MATERIAL FOR THIS EXERCISE START

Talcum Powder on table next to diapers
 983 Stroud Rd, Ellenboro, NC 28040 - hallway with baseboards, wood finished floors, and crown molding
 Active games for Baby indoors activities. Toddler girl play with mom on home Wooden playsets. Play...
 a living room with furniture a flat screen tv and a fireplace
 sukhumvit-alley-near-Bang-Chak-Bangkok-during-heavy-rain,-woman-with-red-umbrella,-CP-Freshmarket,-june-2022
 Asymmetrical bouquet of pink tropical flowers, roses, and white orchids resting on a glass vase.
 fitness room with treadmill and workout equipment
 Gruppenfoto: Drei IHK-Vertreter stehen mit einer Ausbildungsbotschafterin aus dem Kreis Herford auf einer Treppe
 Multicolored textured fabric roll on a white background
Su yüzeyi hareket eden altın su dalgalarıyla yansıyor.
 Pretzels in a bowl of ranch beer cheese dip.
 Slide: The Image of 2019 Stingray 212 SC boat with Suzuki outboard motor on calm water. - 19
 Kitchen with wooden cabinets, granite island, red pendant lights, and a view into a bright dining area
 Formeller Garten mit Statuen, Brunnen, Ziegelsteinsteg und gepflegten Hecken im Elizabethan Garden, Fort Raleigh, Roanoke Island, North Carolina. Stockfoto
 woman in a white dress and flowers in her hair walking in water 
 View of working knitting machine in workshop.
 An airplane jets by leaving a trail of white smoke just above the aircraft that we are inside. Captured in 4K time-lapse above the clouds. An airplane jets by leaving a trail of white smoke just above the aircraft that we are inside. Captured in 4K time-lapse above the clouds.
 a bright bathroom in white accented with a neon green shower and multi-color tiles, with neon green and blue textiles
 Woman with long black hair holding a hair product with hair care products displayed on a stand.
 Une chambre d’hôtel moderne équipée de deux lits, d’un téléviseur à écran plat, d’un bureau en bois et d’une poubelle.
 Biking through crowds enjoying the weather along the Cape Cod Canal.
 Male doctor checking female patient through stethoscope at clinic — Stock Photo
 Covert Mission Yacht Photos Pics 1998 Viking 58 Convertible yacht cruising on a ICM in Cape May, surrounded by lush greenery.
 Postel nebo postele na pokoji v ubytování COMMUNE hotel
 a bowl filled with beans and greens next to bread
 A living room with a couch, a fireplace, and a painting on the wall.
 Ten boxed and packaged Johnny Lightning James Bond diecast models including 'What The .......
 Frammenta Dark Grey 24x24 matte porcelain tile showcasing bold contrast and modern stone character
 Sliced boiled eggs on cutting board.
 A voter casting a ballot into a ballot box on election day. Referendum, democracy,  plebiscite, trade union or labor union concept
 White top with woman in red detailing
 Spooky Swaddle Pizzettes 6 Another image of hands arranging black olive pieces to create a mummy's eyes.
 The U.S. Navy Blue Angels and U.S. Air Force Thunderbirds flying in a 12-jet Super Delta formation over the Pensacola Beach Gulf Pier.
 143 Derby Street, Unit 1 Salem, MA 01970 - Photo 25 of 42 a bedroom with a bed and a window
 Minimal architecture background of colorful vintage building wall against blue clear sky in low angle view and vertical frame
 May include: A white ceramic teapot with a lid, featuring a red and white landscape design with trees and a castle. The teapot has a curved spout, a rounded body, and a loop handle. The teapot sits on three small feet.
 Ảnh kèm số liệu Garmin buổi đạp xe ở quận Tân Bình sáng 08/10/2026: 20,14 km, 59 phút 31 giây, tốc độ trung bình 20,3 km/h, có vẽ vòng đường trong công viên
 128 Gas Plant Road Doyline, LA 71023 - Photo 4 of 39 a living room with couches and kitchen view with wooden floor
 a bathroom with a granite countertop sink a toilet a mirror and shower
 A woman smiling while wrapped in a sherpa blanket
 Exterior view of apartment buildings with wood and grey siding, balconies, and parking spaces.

MATERIAL FOR THIS EXERCISE END

### WORK TASK:
Taking the records from the top, repeat each line exactly until you have repeated the line that contains "Pretzels in a bowl of ranch beer cheese dip.".

### COMPLETED EXERCISE:
Talcum Powder on table next to diapers
 983 Stroud Rd, Ellenboro, NC 28040 - hallway with baseboards, wood finished floors, and crown molding
 Active games for Baby indoors activities. Toddler girl play with mom on home Wooden playsets. Play...
 a living room with furniture a flat screen tv and a fireplace
 sukhumvit-alley-near-Bang-Chak-Bangkok-during-heavy-rain,-woman-with-red-umbrella,-CP-Freshmarket,-june-2022
 Asymmetrical bouquet of pink tropical flowers, roses, and white orchids resting on a glass vase.
 fitness room with treadmill and workout equipment
 Gruppenfoto: Drei IHK-Vertreter stehen mit einer Ausbildungsbotschafterin aus dem Kreis Herford auf einer Treppe
 Multicolored textured fabric roll on a white background
Su yüzeyi hareket eden altın su dalgalarıyla yansıyor.
 Pretzels in a bowl of ranch beer cheese dip.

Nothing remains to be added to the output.